# Briggs twin engines issues



## JoeKP (Feb 23, 2012)

I have dealt with 5 of these engines from 17-20 hp. 
On every one the carbs suck and need to be rebuild or completely adjusted. Is this normal for this style and is there a cheap rebuild kit for them. I have one in my craftsman and wan that tractor to run again.


----------



## JoeKP (Feb 23, 2012)

Also. How do you adjust these. I have never really had to adjust any carbs.


----------



## dangeroustoys56 (Jul 26, 2010)

Theres not really any adjustment on them - i own several twin cylender flatheads and theres really no way to adjust them.

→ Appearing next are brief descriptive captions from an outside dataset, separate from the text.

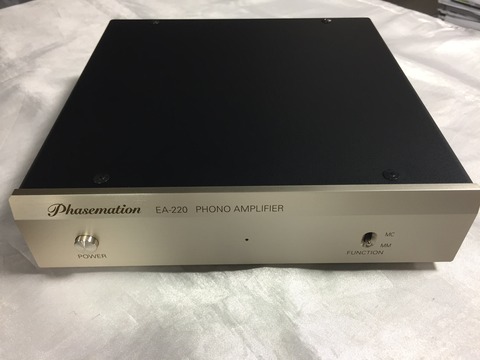 【極美品】Phasemation EA-200 フォノアンプ 元箱・付属品完備 極美品】Phasemation EA-200 フォノアンプ 元箱・付属品完備 極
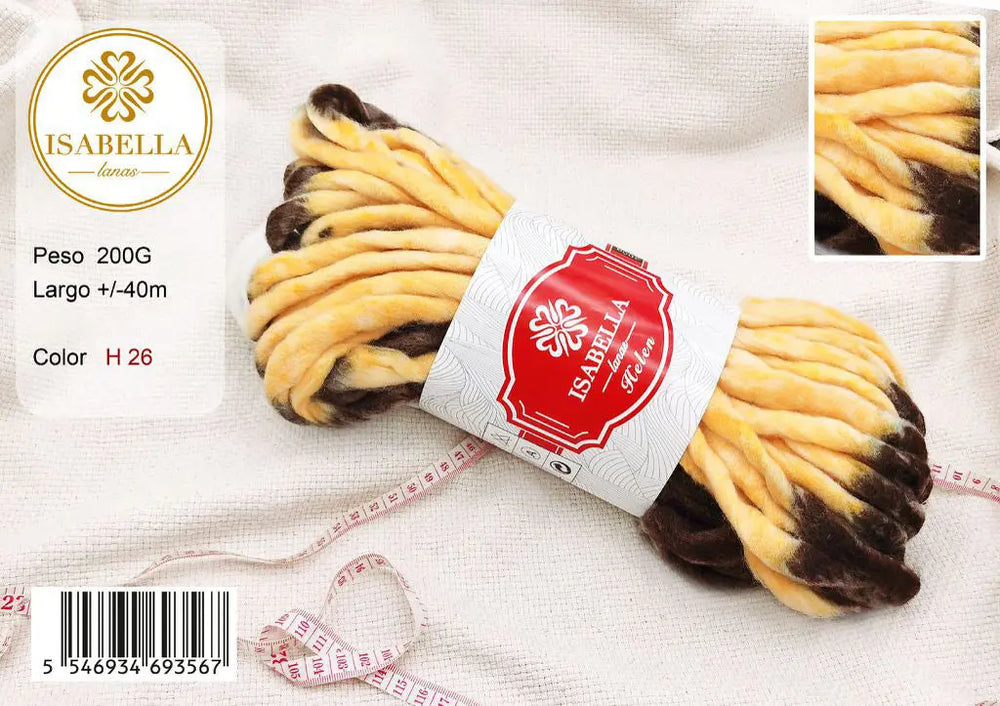 OVILLO HILO ISABELLA HELEN 200G ISABELLA 纱线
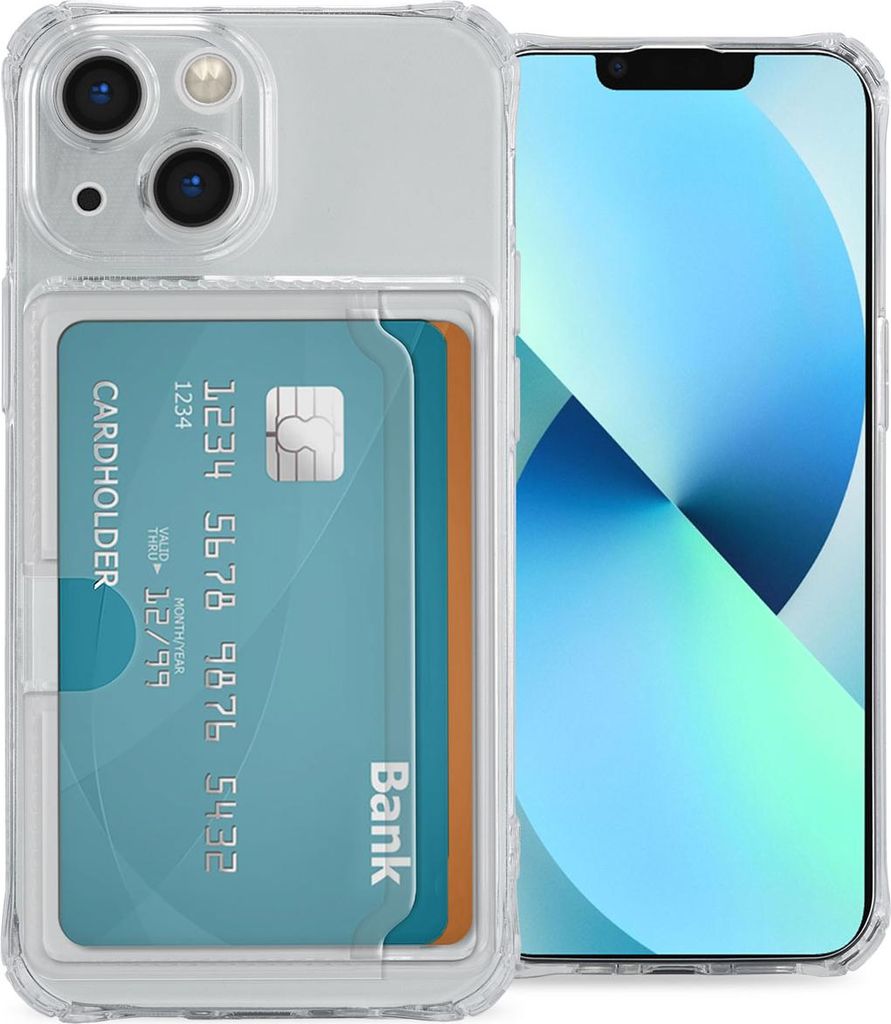 imoshion Custodia morbida con porta carte iPhone 13 - Immagine del prodotto 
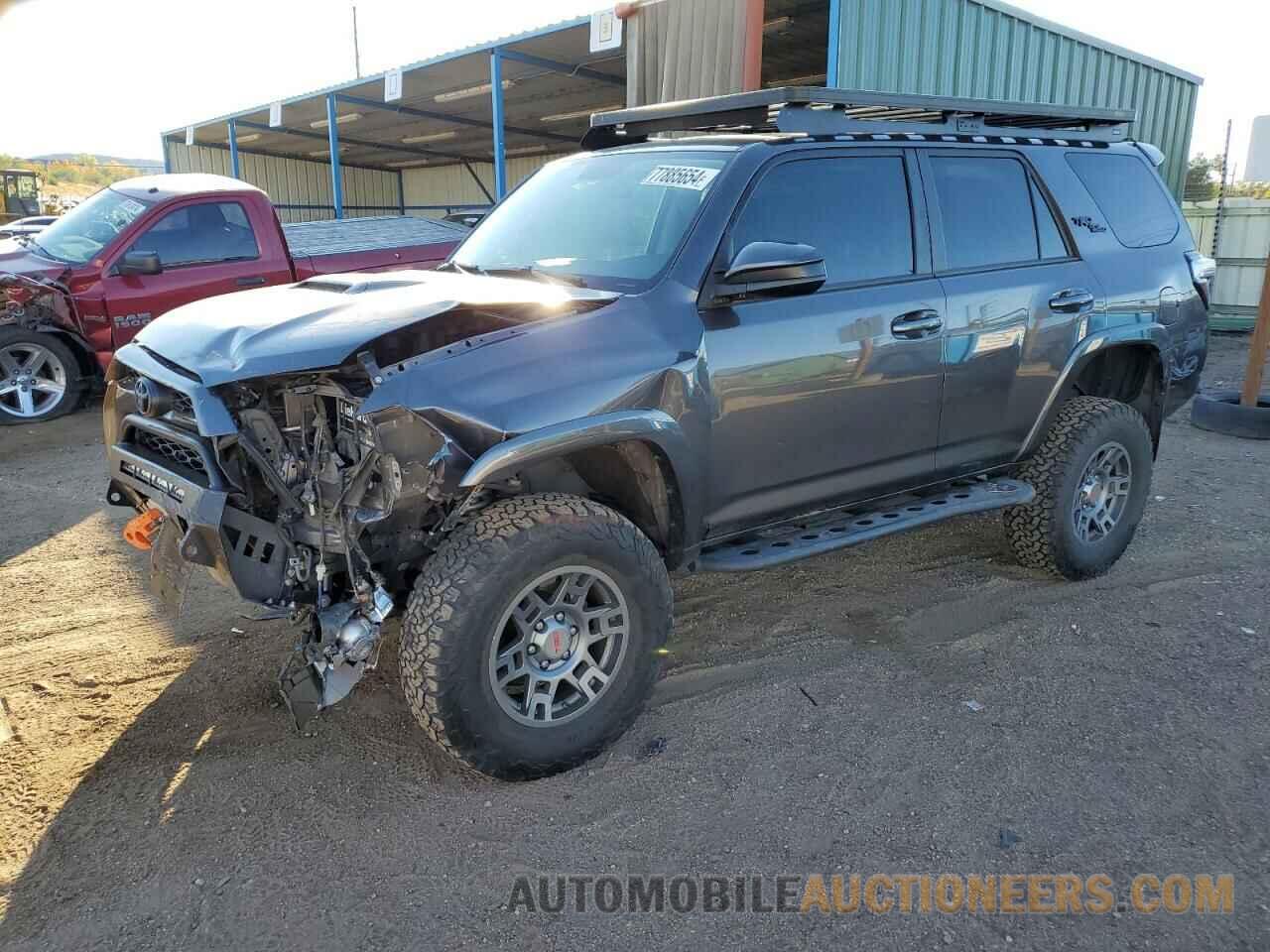 JTEBU5JR7K5633443 TOYOTA 4RUNNER 2019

The biggie is gaskets ( specially on twins) and ports inside the carb - i have a 99 17HP twin on a murray hydro - that thing gave me issues starting and running, no matter how many times i cleaned the carb - the gaskets inside the carb were so saturated and old, it mustve leaked thru - i bot a $20 gasket kit that came with a pump kit - it comes with a variety of gaskets- only one fits ( match to the one in your carb) - right off the bat it started and ran beutiful after the gasket change. However, i have a few twins that ive never changed gaskets in and they run great as well - its possible the one had a wrong gasket in it or was used from another tractor before i got it - the PO had tinkered with those tractors before i bot them.

Carb cleanings should be pretty routine , on almost every motor , specially with todays crappy gasoline , unless the carb is drained after every use and checked often - the ethanol destroys rubber, and attracts water, hence corrosion. I cleaned the carb on my 99 weedeater when i bot it- a few years later i checked it and had a layer of rust in the bottom of the float bowl, and that was running the carb out of fuel after every time i mowed.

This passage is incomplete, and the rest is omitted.